Nach dem Holocaust sei jüdisches Leben in Deutschland kaum denkbar gewesen. Doch es seien Jüdinnen und Juden gewesen, die sich dazu entschlossen hätten, dieses wiederaufzubauen, sagte Faeser - und sprach von einem „Vertrauensvorschuss in die junge Bundesrepublik.“
Der Zusammenhalt liege der Gemeinde immer am Herzen, „in guten, wie in schlechten Tagen“, erklärte der Gemeinde-Vorstandsvorsitzende Salomon Korn laut Redetext. „Und ja, die Tage waren und sind auch heute nicht immer leicht.“ Neben einem latenten Antisemitismus in einem Teil der Bevölkerung und einer wachsenden Komplexität des Judenhasses gehöre dazu auch ein Erstarken der Rechten, „allen voran ihrem politischen Flaggschiff, dessen Namen zu nennen ich hier nicht die Ehre erweisen möchte.“ Korn betonte: Die heutige Feier sei kein Fest ausschließlich für die Jüdische Gemeinde, „sondern ein Fest für ganz Frankfurt“.
Die Anfänge jüdischen Lebens in der Mainmetropole reichen zurück bis ins 12. Jahrhundert.
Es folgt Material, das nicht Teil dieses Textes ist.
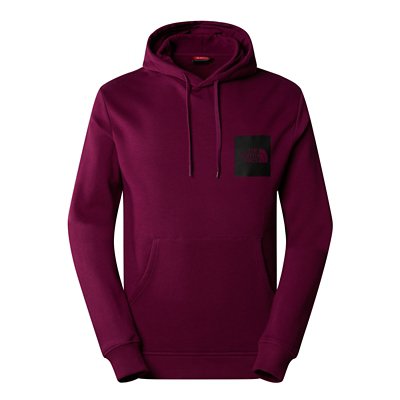 Sweatshirt de randonnée homme Fine THE NORTH FACE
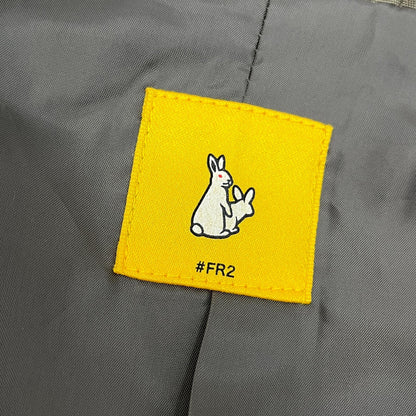 #FR2 | エフアールツー その他アウター FRJ014 カーキ サイズ：M【加古川店】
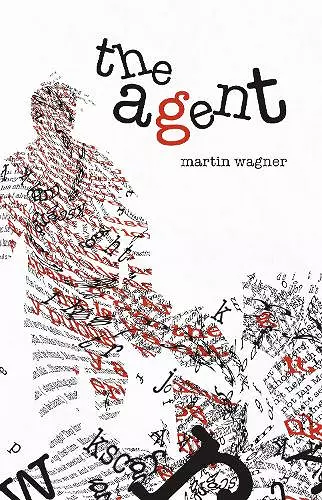 The Agent cover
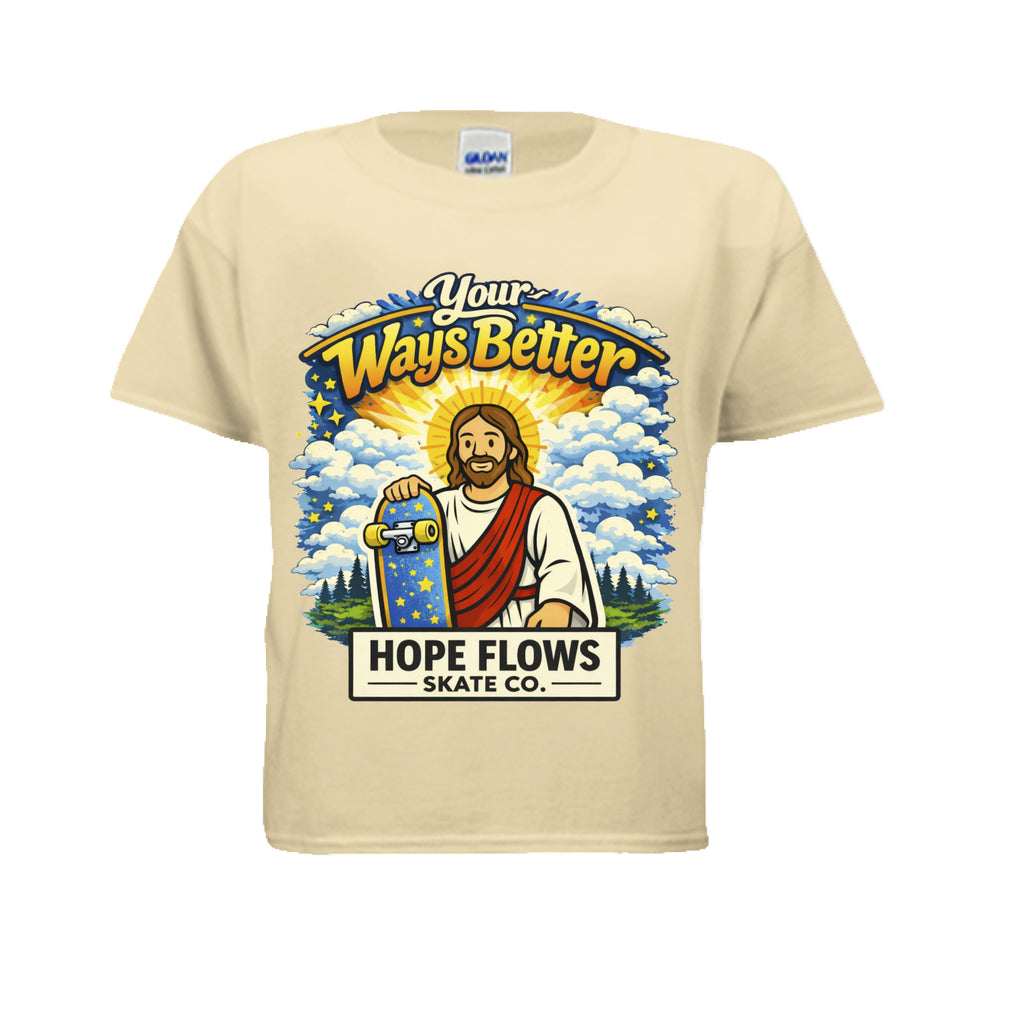 YELLOW HAZE - FRONT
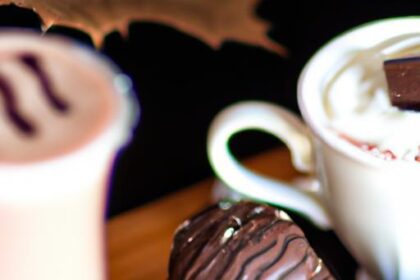 Decadent Hot Chocolate Delights: A Cozy Treat Guide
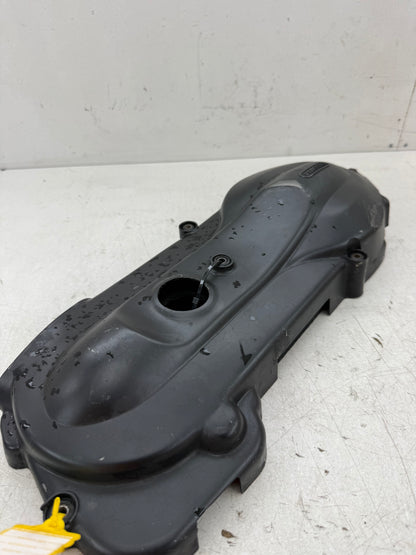 Piaggio Hexagon cartercover 125cc 180cc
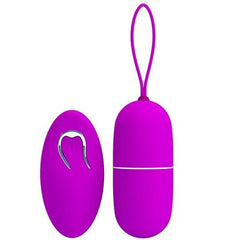 PRETTY LOVE - VIBRATING EGG ARVIN REMOTE CONTROL 12V - 53Xshop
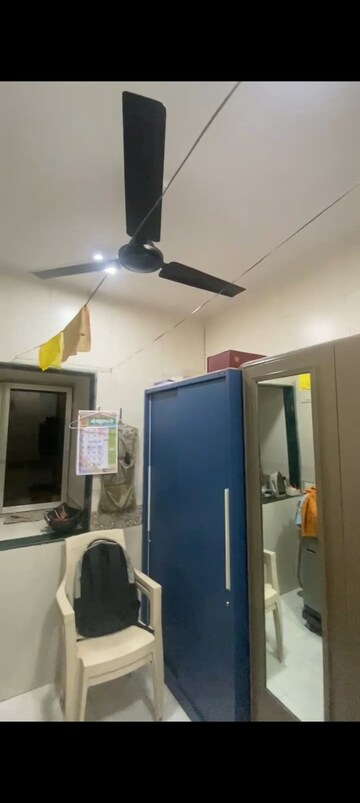 Furnished Amenities in 1 RK Apartment at Kurla East – for Rent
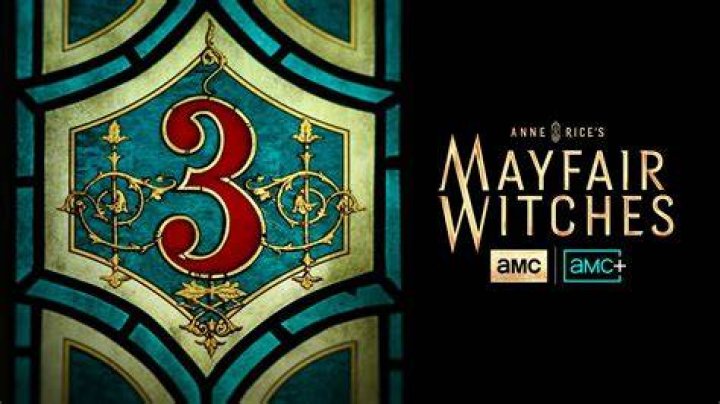 Mayfair Witches Renewed for Season 2 at AMC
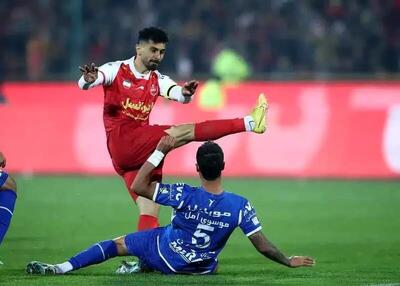 دیدارهای خانگی استقلال و پرسپولیس از چه زمانی در ورزشگاه آزادی برگزار می‌شود؟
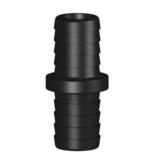 Trudesign Slangverbinder met 2 tules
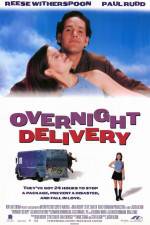 Watch Overnight Delivery Megashare9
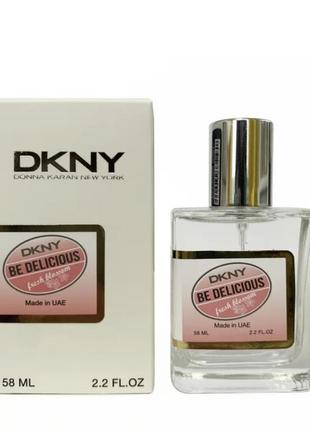 Dkny be delicious fresh blossom, 58мл2 фото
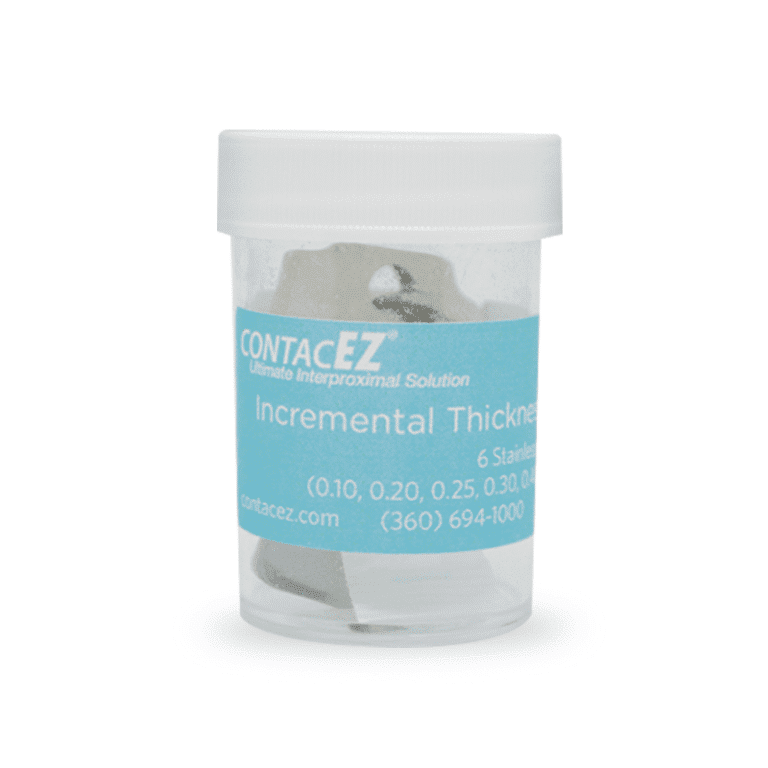 Calibrador para Stripping | ContacEz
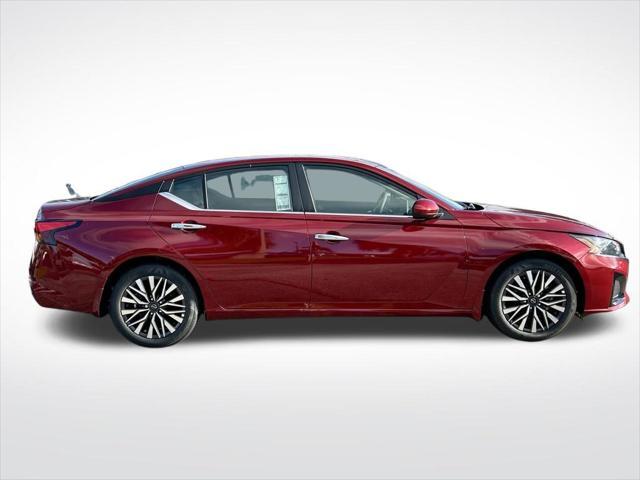 new 2024 Nissan Altima car, priced at $24,816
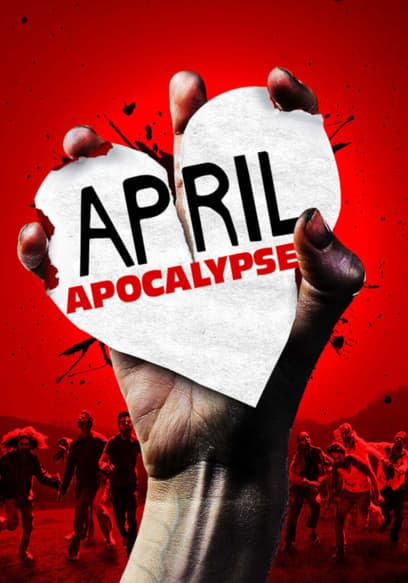 April Apocalypse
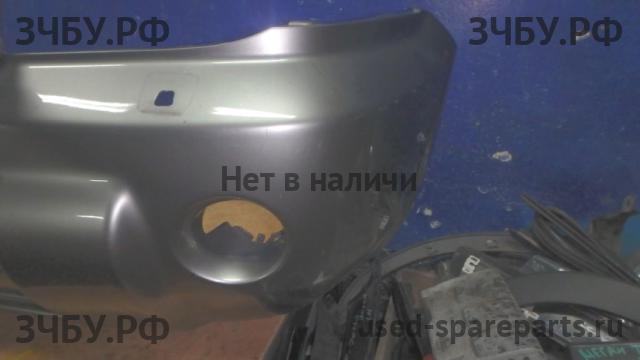 Nissan X-Trail 1 (T30) Бампер передний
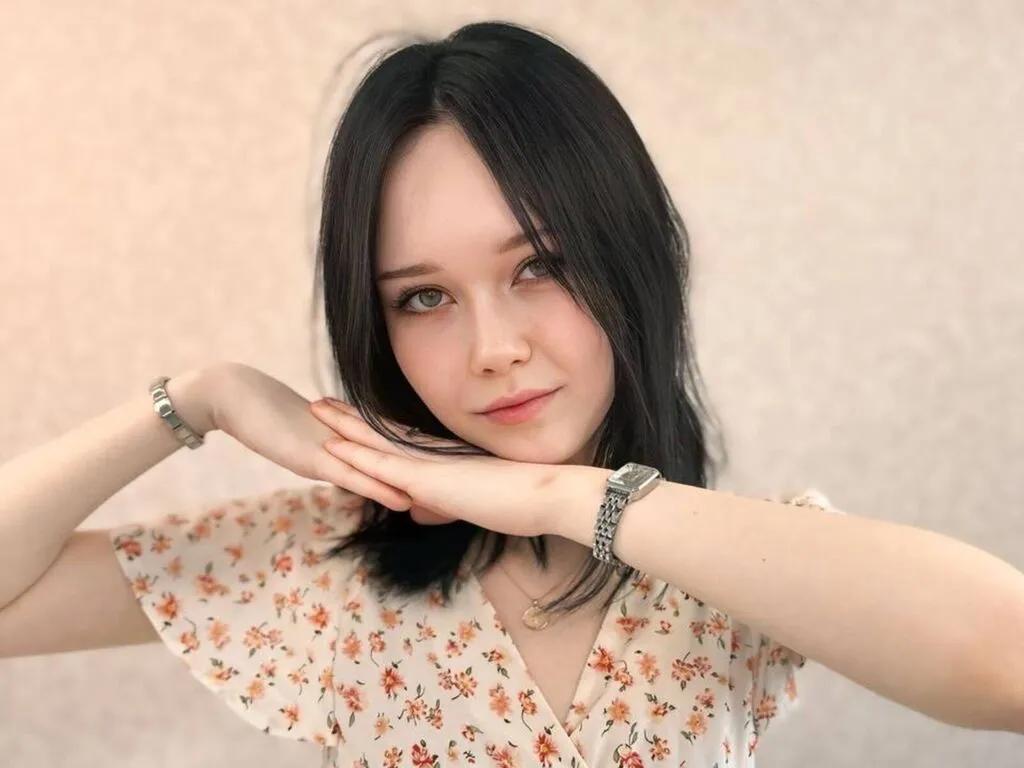 RowenaCubitt on LiveJasmin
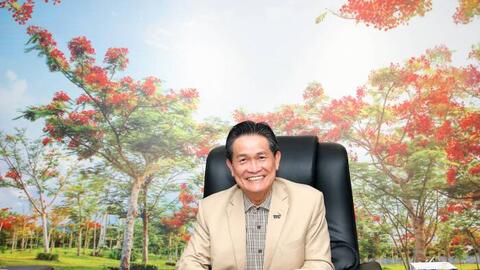 Ông Đặng Văn Thành bán xong gần 10 triệu cổ phiếu SBT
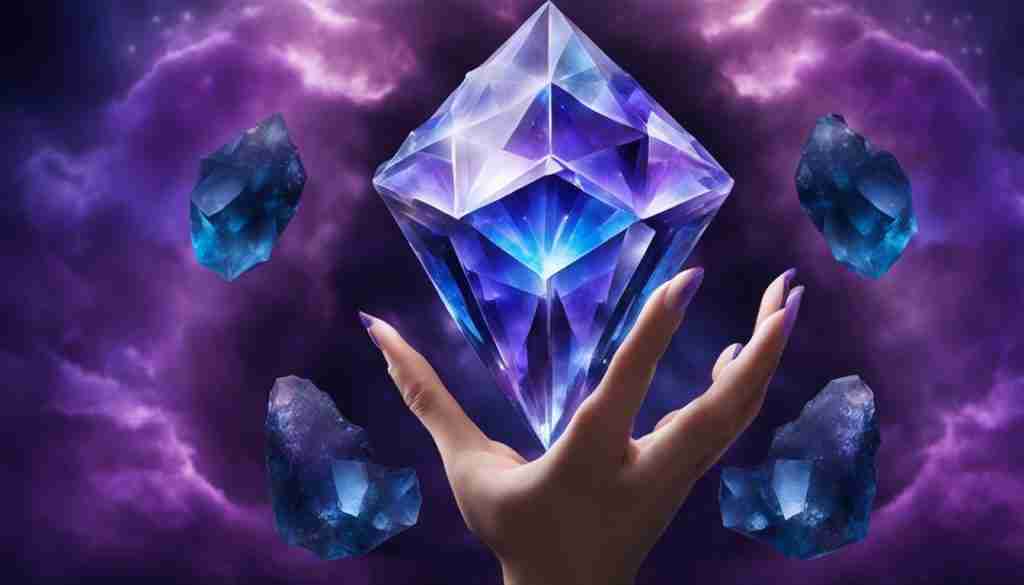 healing crystals for protection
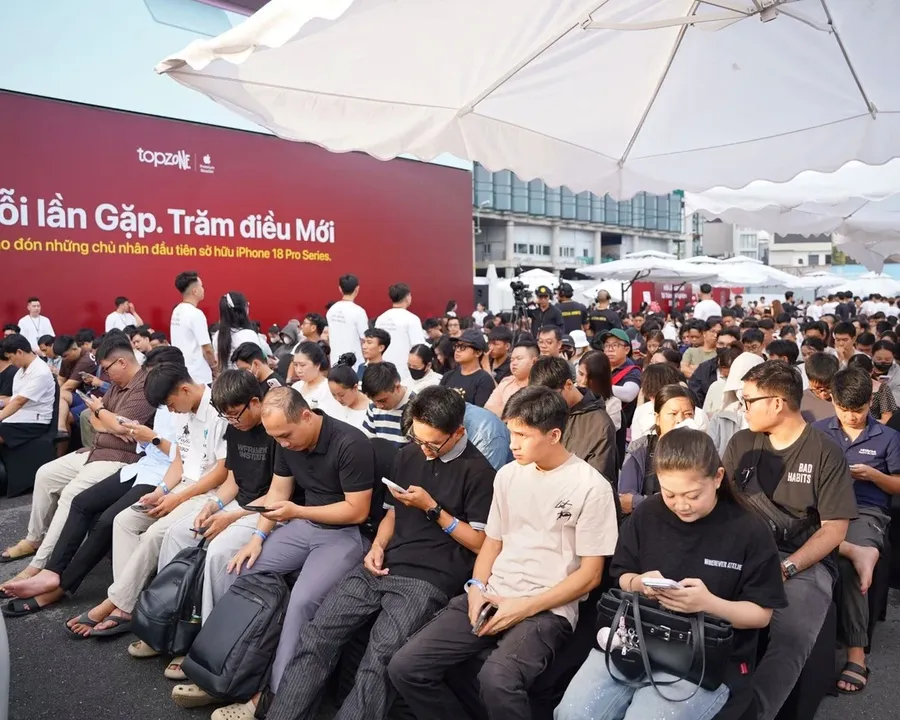 Apple is 20% of DMX revenue and nearly 3/10 of its growth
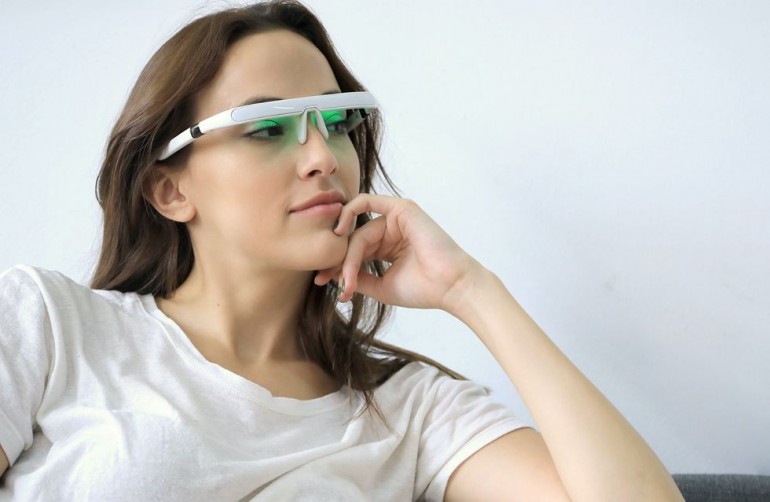 Que procurent les lunettes de luminothérapie ?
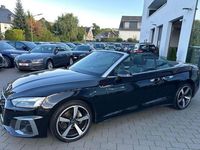 Gebraucht Audi Cabriolet Comfort 120 PS (88 kW) 2021 Andere Cabrio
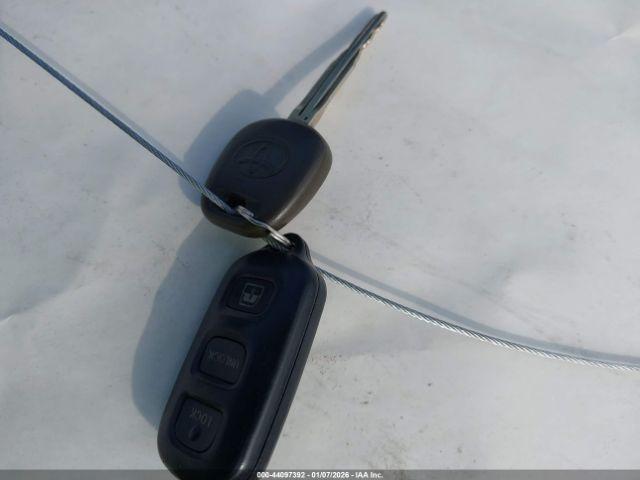 Toyota 4Runner Sr5 V6 Image 12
Nach der Zäsur in der Nazizeit begann die Wiederbegründung der Gemeinde. 1948 erfolgte die Verabschiedung der Gemeindestatuten. Mit aktuell über 6300 Mitgliedern zählt sie nach eigenen Angaben zu den bundesweit vier größten Jüdischen Gemeinden.
Sie habe einen bedeutenden Beitrag zum gesellschaftlichen Zusammenhalt geleistet, erklärte Hessens Ministerpräsident Boris Rhein (CDU) laut Mitteilung. Die Gemeinde sei nicht nur ein Ort des Glaubens und der religiösen Praxis, sondern auch des Austauschs und der Bildung. Der Kampf gegen Antisemitismus und gegen die Feinde der Demokratie sei eine gesamtgesellschaftliche Aufgabe, betonte Rhein. Denn: „In einem Land in dem Juden nicht leben könne, können wir alle nicht leben.“
Jüdisches Leben gehöre fest zu unserer Stadt, betonte Frankfurts Oberbürgermeister Mike Josef (SPD) in seinem Redetext. Aber sicheres jüdisches Leben sei nicht selbstverständlich. Deshalb müsse alles getan werden, um dieses zu schützen. Noch heute müssten Synagogen und jüdische Gemeindezentren bewacht werden, so Korn. „Oft ist das Erste, was ein jüdisches Kind sieht, nicht etwa das fröhliche Gesicht der Erzieher und Lehrer, sondern das konzentrierte Gesicht eines Polizisten.“ Aber er betonte auch: „Trotz allem, lassen wir uns unsere positive Einstellung nicht nehmen. Wir blicken erwartungsvoll in eine Zukunft, die wir aktiv mitgestalten wollen.“
Zu dem Festakt gehörte auch ein musikalisches Angebot: So lud das hr-Sinfonieorchester zu einer Reise durch die Geschichte der Jüdischen Gemeinde ein. Das Programm hatte mit einer Gedenkminute für das kürzlich verstorbene Vorstandsmitglied Harry Schnabel begonnen.